===== Information given =====
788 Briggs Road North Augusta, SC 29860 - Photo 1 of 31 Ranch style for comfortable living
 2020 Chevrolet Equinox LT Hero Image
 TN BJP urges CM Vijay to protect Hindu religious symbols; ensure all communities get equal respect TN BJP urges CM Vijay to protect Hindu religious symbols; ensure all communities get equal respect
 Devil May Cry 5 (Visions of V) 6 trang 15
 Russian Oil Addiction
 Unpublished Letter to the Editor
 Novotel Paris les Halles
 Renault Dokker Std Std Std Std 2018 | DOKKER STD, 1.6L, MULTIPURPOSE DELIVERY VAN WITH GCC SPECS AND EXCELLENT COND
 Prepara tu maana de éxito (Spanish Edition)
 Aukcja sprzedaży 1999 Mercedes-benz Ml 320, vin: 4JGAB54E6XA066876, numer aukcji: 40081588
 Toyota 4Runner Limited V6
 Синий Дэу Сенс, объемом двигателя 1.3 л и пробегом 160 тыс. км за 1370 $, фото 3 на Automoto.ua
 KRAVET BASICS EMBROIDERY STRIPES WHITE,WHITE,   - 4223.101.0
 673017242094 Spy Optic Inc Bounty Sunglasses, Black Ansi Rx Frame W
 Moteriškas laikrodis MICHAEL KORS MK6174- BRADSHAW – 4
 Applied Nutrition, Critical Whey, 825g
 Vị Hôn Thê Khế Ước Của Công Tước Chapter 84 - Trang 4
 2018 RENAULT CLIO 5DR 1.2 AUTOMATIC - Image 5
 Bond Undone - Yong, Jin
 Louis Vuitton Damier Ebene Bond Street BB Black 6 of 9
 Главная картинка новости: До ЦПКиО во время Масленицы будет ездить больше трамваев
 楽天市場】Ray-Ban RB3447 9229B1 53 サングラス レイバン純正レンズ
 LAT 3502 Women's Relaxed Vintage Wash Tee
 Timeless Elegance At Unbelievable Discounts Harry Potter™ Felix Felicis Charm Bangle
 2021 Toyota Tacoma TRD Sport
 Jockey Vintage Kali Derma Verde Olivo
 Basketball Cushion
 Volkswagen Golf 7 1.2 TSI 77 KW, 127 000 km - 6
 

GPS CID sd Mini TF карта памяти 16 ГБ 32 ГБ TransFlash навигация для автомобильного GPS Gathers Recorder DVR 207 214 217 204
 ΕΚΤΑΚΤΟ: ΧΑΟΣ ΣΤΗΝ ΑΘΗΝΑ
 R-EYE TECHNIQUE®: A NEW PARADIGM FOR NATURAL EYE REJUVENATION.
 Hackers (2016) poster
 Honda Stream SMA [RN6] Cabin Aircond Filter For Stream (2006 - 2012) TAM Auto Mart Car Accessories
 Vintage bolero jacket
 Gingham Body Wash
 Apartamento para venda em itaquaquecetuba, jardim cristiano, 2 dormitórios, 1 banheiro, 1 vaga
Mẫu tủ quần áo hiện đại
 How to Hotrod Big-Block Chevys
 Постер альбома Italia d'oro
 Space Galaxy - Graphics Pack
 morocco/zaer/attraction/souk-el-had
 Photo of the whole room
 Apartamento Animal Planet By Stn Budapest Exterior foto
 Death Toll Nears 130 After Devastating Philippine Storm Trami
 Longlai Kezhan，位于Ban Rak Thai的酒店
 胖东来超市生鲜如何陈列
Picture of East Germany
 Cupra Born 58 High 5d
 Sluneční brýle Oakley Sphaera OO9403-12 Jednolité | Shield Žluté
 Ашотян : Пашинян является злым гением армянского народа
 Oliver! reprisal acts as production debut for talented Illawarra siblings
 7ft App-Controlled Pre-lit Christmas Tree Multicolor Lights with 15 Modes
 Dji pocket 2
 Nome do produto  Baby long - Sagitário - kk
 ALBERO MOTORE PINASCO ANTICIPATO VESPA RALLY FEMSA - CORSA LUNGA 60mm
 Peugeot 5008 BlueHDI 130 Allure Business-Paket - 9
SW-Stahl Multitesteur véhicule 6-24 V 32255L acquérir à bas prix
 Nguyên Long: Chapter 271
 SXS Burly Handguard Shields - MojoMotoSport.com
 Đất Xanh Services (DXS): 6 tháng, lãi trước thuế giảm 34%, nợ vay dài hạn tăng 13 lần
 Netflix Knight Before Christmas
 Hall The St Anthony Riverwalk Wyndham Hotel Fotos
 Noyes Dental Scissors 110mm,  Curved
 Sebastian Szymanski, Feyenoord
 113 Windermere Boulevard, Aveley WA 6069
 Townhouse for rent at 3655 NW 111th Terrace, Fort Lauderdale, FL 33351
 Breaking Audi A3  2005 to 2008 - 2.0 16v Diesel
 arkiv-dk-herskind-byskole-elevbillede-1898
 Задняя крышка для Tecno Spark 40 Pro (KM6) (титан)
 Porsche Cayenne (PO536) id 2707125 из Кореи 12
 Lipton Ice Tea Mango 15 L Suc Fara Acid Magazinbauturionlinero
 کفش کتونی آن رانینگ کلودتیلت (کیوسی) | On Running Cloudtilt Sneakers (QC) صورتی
=====
*Exercise goal*
Read through the data above. Report each line that has the word "Image".

*Expected output*
 2020 Chevrolet Equinox LT Hero Image
 2018 RENAULT CLIO 5DR 1.2 AUTOMATIC - Image 5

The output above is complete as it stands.